A coalizão entre democratas-cristãos e
social-democratas, que assumiu o governo alemão, simplesmente relança um
modelo alemão já percebido, de modo difuso, como causa da crise – não
como solução possível. E o crescimento do Partido Democrático na Itália,
com seus efeitos na composição e correlação de forças internas ao
Partido Socialista Europeu, tenderá a obscurecer a identidade
“socialista”, tirando o espaço que seria necessário à dialética política
necessária para uma “inovação” não apenas retórica. Mesmo que ela se
produza apenas no plano de uma articulação distinta (e uma
estabilização) do comando capitalista.
A atração do socialismo europeu para o campo de
forças articulado pelos conservadores, a sua renúncia a se tornar
intérprete político tanto das reivindicações da classe operária
“tradicional” e dos “desclassados” pela crise quanto dos novos setores
emergentes na composição do trabalho, é um dado que emerge com clareza
da nova rodada eleitoral. Assim como adota atitude de mera gestão do que
existe, quanto está no governo, a social-democracia parece incapaz de
reinventar-se – mesmo quando na oposição. O crescimento da direita e das
forças “eurocéticas” (além do não-comparecimento às urnas) está
diretamente ligado a este eclipse da social-democracia. Ela já não
parece candidata a reconstruir um tecido de mediações sociais e
políticas, reclamado difusamente – repetimos – por uma parte consistente
das elites capitalistas europeias.
Não excluímos a hipótese de que tais elites possam
voltar-se à direita para construir as condições para uma saída da crise:
não seria a primiera vez em sua história, e a continuidade do processo
de integração europeia (sob perfil monetário, normativo, técnico ou de
infra-estruturas) não é por si mesmo incompatível com atitudes
identitárias ou “nazionalistas”. O certo é estariam reprimidas, sob
égide de uma política de medo e de uma valorização do autoritarismo
social, os espaços de liberdade e de luta pelo Comum, em toda a Europa. A
resistência e a revolta que uma “solução” deste tipo encontraria
certamente a tornam, no momento, pouco realista – mas ela permanece como
possibilidade de fundo.
Ainda que o horizonte europeu seja, em certa medida,
opaco e “ilegível”, é em seu interior que se definirão, nos próximos
anos, os termos do confilto político e social nesta parte do mundo. A
seu modo, sabem disso perfeitamente as próprias forças da direita
“anti-europeia”: é outro dado que as eleições europeias fornecem.
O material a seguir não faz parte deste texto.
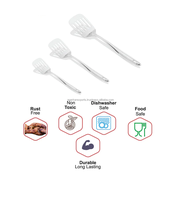 Spatule de cuisine durable en acier inoxydable 306 finition miroir avec poignée en silicone, compatible lave-vaisselle, pour cuisines domestiques, restaurants, hôtels, vente en gros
O
capitalismo, consolidou, na crise dos últimos anos, sua natureza
“extrativa” – em primeiro lugar, por meio de um aprofundamento dos
processos de financerização. Ao mesmo tempo, e especialmente na Europa,
até os observadores mainstream que celebram a volta da
“estabilidade” nos mercados financeiros evidenciam o alargamento do
abismo entre as dinâmicas de tais mercados e a violença que persiste nas
consequências sociais da crise.
O desemprego que não baixa de dois dígitos em muitos
países europeus; a ampliação e intensificação da precariedade; o
disciplinamento de populações inteiras por meio da dívida; a represssão;
o ataque às condições dos imigrandes; os retrocessos conservadores
sobre temas cruciais como os direitos civis e a liberdade: é esta a
herança da “austeridade” na Europa. Enquanto isso, no plano mundial a
instabilidade e as turbulências provocadas pela cirse de hegemonia
norte-americana continuam a se intensificar. As guerras nos confins da
União Europeia (Ucrânia e Síria) são uma manifestação dramática do
fenômeno. A crise profunda de todas as formas de governabilidadede (e de
todas as tentativas de requalificação da democracia) ameaça, na Europa,
traduzir-se em condições de violência generalizada, ou de guerra civil
latente. Estes problemas, em todo caso, só poderão ser enfrentados na
Europa, dentro do espaço continental. Certamente, não o serão nos
espaços augustos dos Estados-Nações europeus!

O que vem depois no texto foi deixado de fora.